:: Exercise ::
Across the whole listing, return each line exactly, with no images included.
*** Exercise input ***
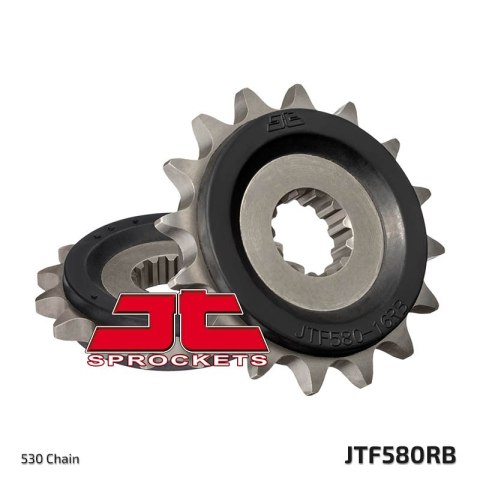 JT ZĘBATKA PRZEDNIA 580 16 Z GUMĄ YAMAHA FZ 6/R6/FZ750 (58016JTRB) (ŁAŃC. 530) JT ZĘBATKA PRZEDNIA 580 16 Z GUMĄ YAMAHA FZ 6/R6/FZ750 (58016JTRB) (ŁAŃC. 530)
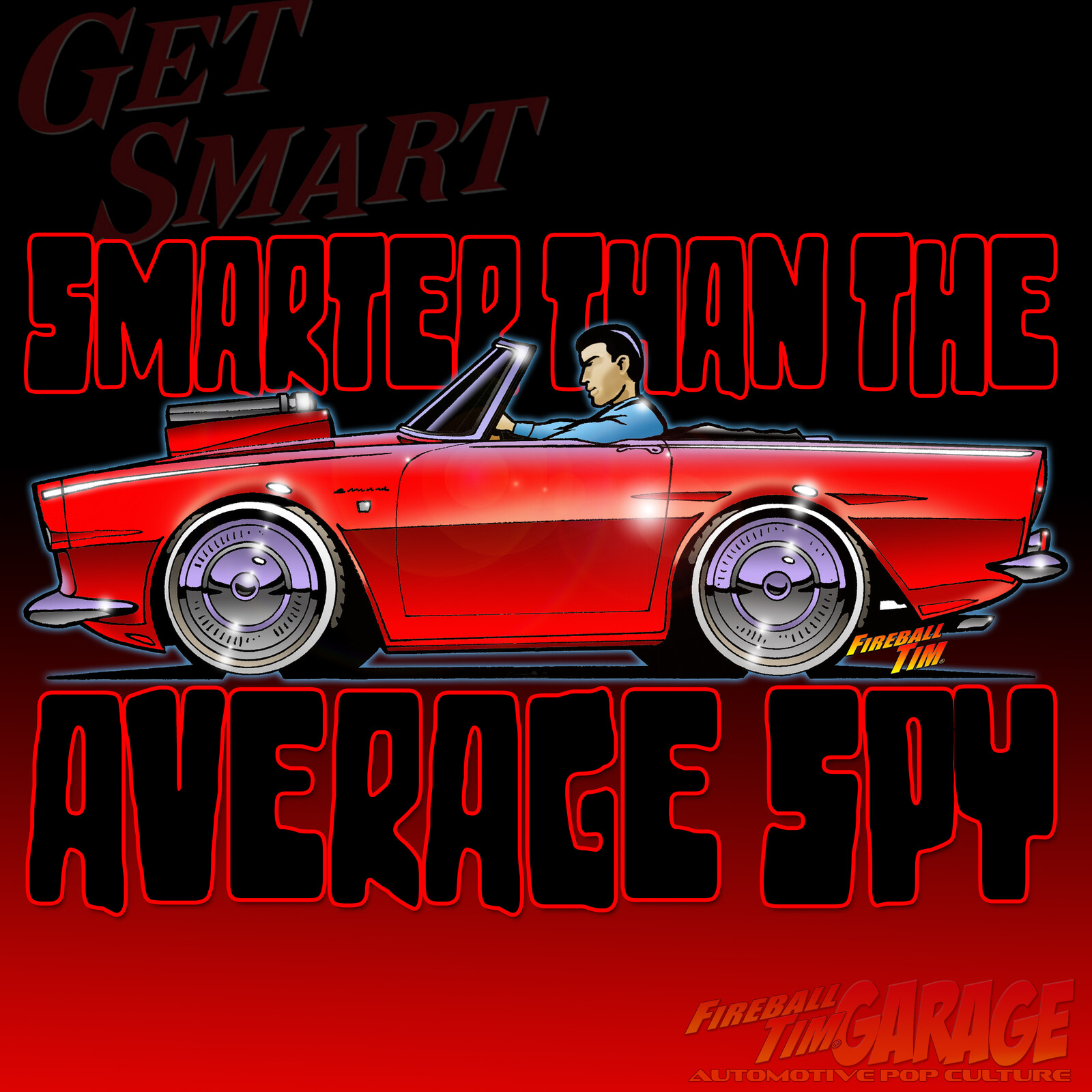 Get Smart Art by Fireball Tim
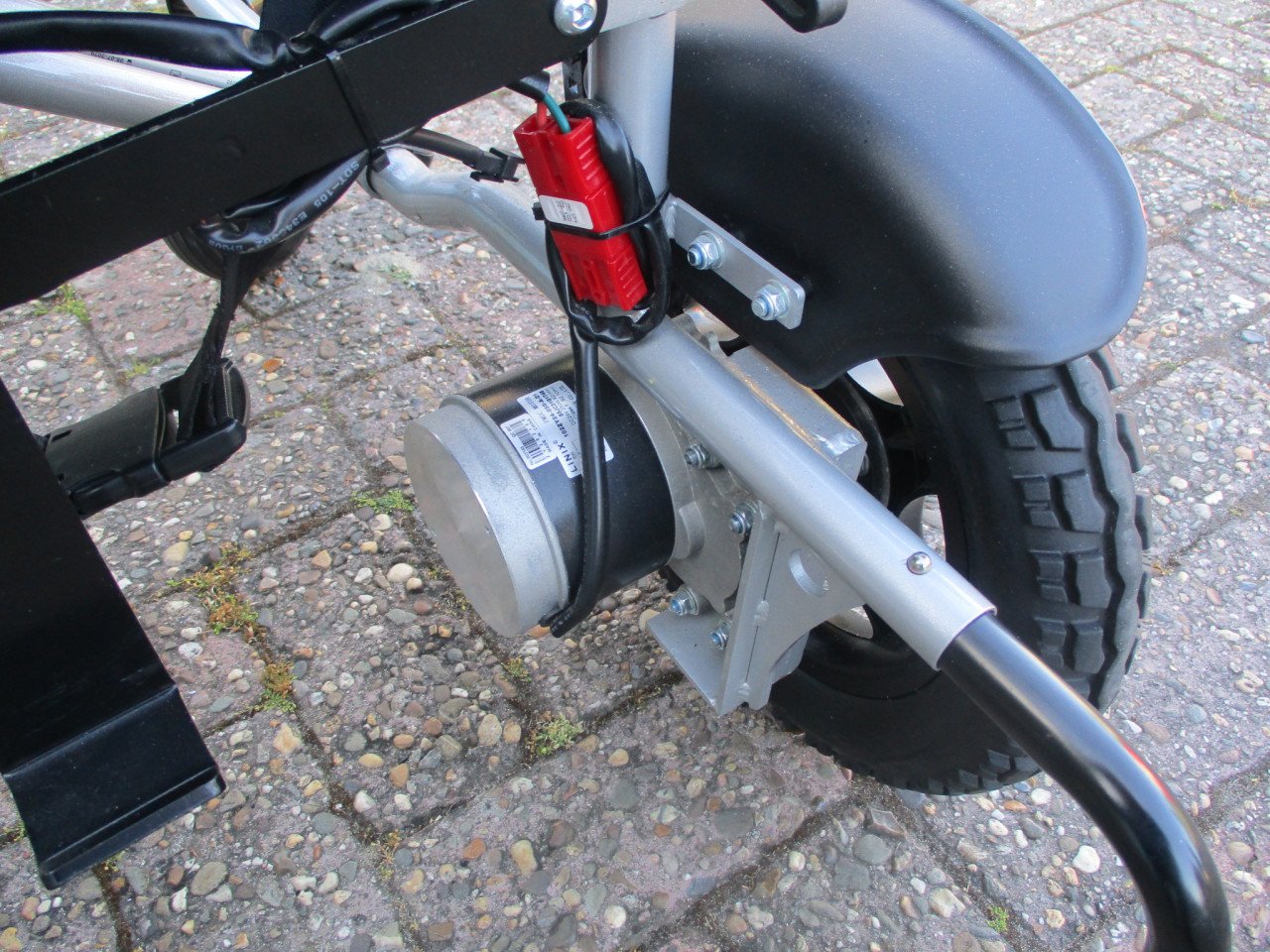 Zgan Excel Qnect opvouwbare elektrische rolstoel + nieuwe accu,s en oplader
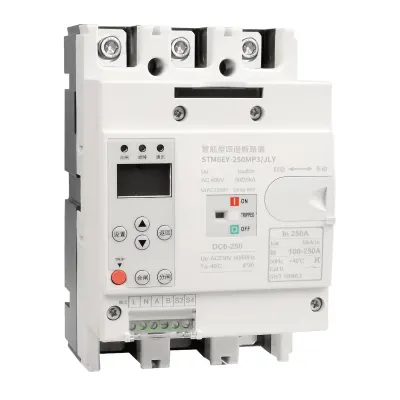 STM6EY-250MP3 JLY Smart Four-Remote MCCB — NY STM6E molded case circuit breaker from a China supplier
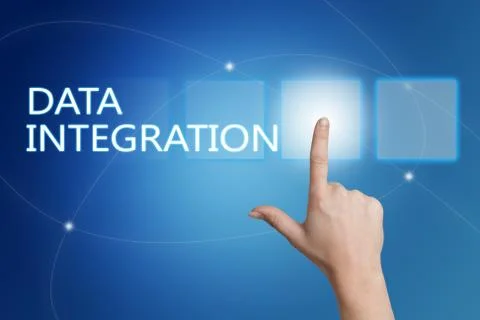 Data Integration 스톡 일러스트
*** End of Exercise input ***
:: Task answer ::
 JT ZĘBATKA PRZEDNIA 580 16 Z GUMĄ YAMAHA FZ 6/R6/FZ750 (58016JTRB) (ŁAŃC. 530) JT ZĘBATKA PRZEDNIA 580 16 Z GUMĄ YAMAHA FZ 6/R6/FZ750 (58016JTRB) (ŁAŃC. 530)
 Get Smart Art by Fireball Tim
 Zgan Excel Qnect opvouwbare elektrische rolstoel + nieuwe accu,s en oplader
 STM6EY-250MP3 JLY Smart Four-Remote MCCB — NY STM6E molded case circuit breaker from a China supplier
 Data Integration 스톡 일러스트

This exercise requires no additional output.